Certes, comprendre cela n’enlève pas un iota à la nécessité absolue de préserver la liberté d’expression. Il faut juste savoir aussi se mettre dans la peau - et dans la tête - de son interlocuteur.
"En islam, c’est le choix des musulmans, ils ne font pas cette séparation (entre le sacré et la liberté) pour le moment. C’est tout le problème que nous n’arrivons pas à comprendre d’ici parce que nous considérons que tout est profane, banalisé, déritualisé, que tout le monde est athée ou laïc. Ici on tient à pas mal de valeurs et on n’aime pas qu’elles soient bafouées. Là-bas, c’est pareil par rapport au sacré."

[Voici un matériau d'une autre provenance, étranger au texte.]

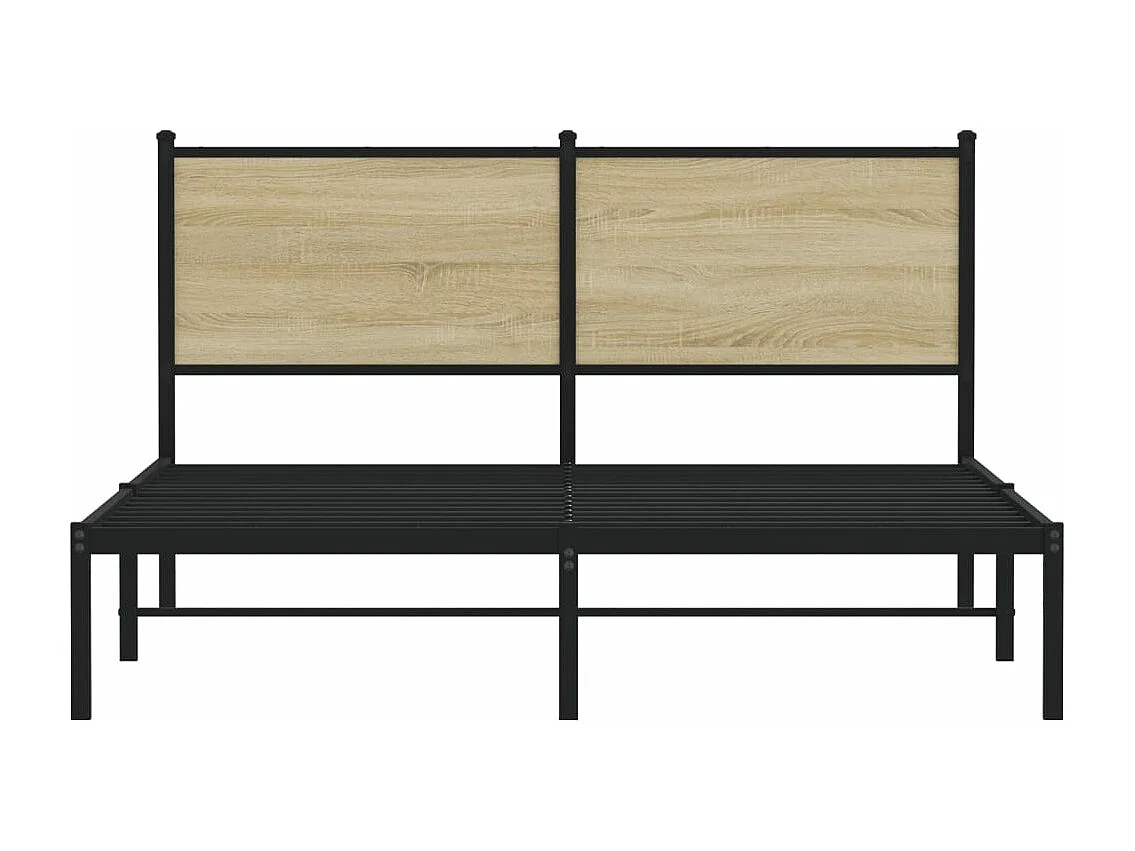 Lit adulte en métal avec tête de lit chêne sonoma 137x190 cm FR440293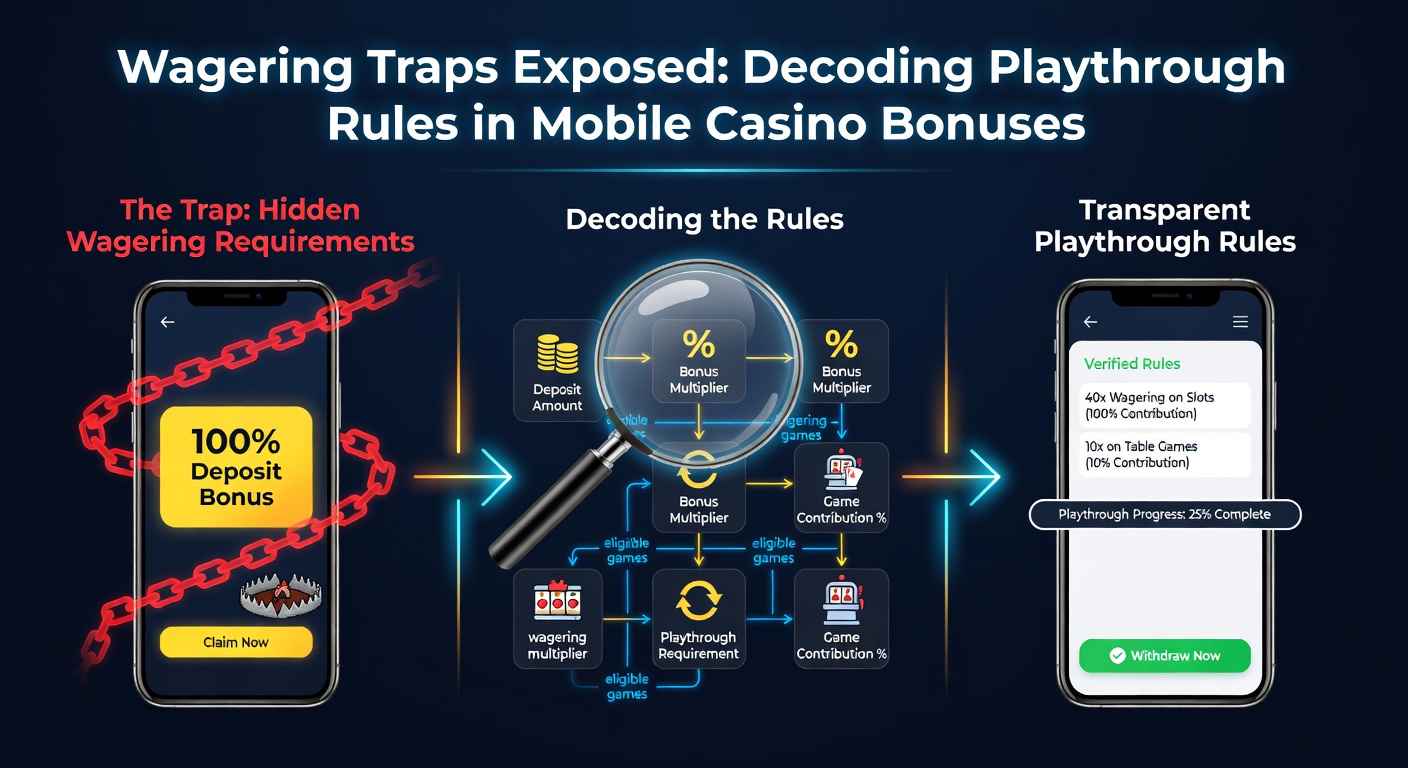 Close-up of a mobile phone screen showing bonus terms with highlighted wagering clauses and a confused player icon scratching head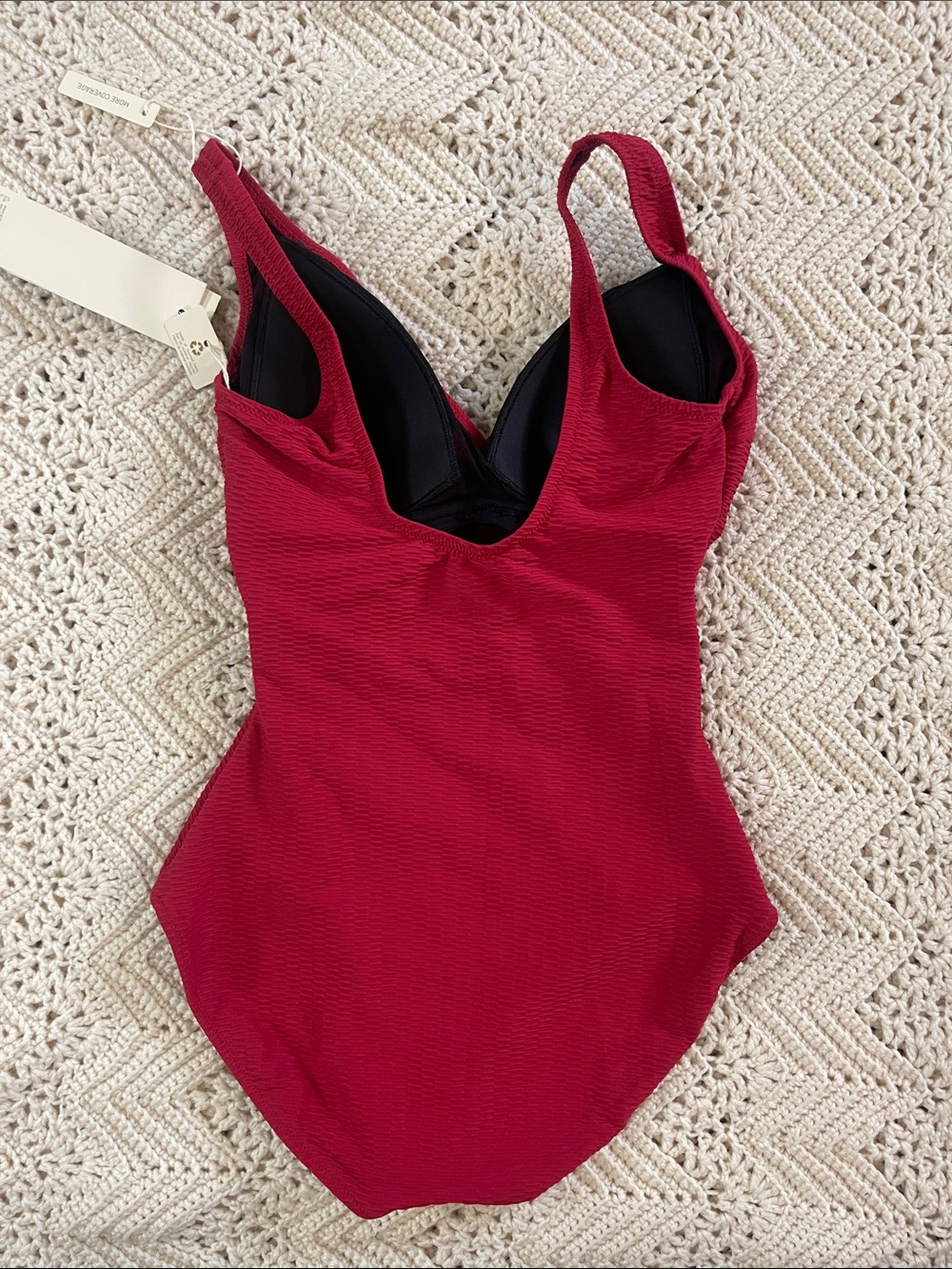 Gottex Harbourside Textured Surplice One-Piece Red Swimsuit 10 - Picture 11 of 15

Je cite encore Malek Chebel (anthropologue des religions et philosophe, grand connaisseur de l’Islam et traducteur du Coran, http://fr.wikipedia.org/wiki/Malek_Chebel) dans un article de l’Huma du 9 janvier :
"Depuis de nombreuses années, avec quelques-uns, nous demandons aux musulmans de clarifier leur position par rapport au fondamentalisme religieux et à l’intégrisme de bandes de criminels très minoritaires en islam, qui sont d’ailleurs réprouvés par le Coran et la morale islamique. D’un autre côté, il faut faire attention à ne pas jouer avec l’émotion des gens. Il y a un milliard huit cents millions de musulmans qui se sentent insultés quand il y a des caricatures trop agressives. Pour un musulman, c’est choquant. Évidemment, en aucun cas la mort ne doit en être la conséquence. Il faut dialoguer. Les autorités françaises ne prennent pas suffisamment la mesure du danger de l’idéologie salafiste et intégriste. Ils veulent régler les problèmes par le biais de la sécurité alors qu’il faut prendre le taureau par les cornes. Il faut travailler en amont en mettant en place une plate-forme de réflexion et d’éducation, d’anticipation des crises et de détection des personnes qui passent à l’acte". (http://www.humanite.fr/malek-chebel-nous-sommes-dans-la-confusion-totale-sur-les-religions-562235)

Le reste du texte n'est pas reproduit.